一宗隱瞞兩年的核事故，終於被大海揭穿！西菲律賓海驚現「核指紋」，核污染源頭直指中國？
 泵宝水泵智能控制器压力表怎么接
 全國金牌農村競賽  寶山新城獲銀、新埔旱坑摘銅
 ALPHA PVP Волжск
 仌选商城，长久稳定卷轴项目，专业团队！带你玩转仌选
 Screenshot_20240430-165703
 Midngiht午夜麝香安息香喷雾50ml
──────────────────────────────
▸ EXERCISE REQUIREMENTS
Write out the entries above word for word.

▸ WRITTEN REPLY
一宗隱瞞兩年的核事故，終於被大海揭穿！西菲律賓海驚現「核指紋」，核污染源頭直指中國？
 泵宝水泵智能控制器压力表怎么接
 全國金牌農村競賽  寶山新城獲銀、新埔旱坑摘銅
 ALPHA PVP Волжск
 仌选商城，长久稳定卷轴项目，专业团队！带你玩转仌选
 Screenshot_20240430-165703
 Midngiht午夜麝香安息香喷雾50ml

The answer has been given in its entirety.